What you are asked to do =
Copy out again, unchanged, the listing below from the line that has "미국 행정명령 파급…" through the line that has "Membuat Pupuk Magnesium".

Input for this task =
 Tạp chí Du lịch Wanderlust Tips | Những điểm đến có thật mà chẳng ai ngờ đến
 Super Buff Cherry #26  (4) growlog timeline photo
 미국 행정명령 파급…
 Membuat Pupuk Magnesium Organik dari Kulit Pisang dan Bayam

--

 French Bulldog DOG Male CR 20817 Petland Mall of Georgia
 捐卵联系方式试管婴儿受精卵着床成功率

Finished task =
 미국 행정명령 파급…
 Membuat Pupuk Magnesium Organik dari Kulit Pisang dan Bayam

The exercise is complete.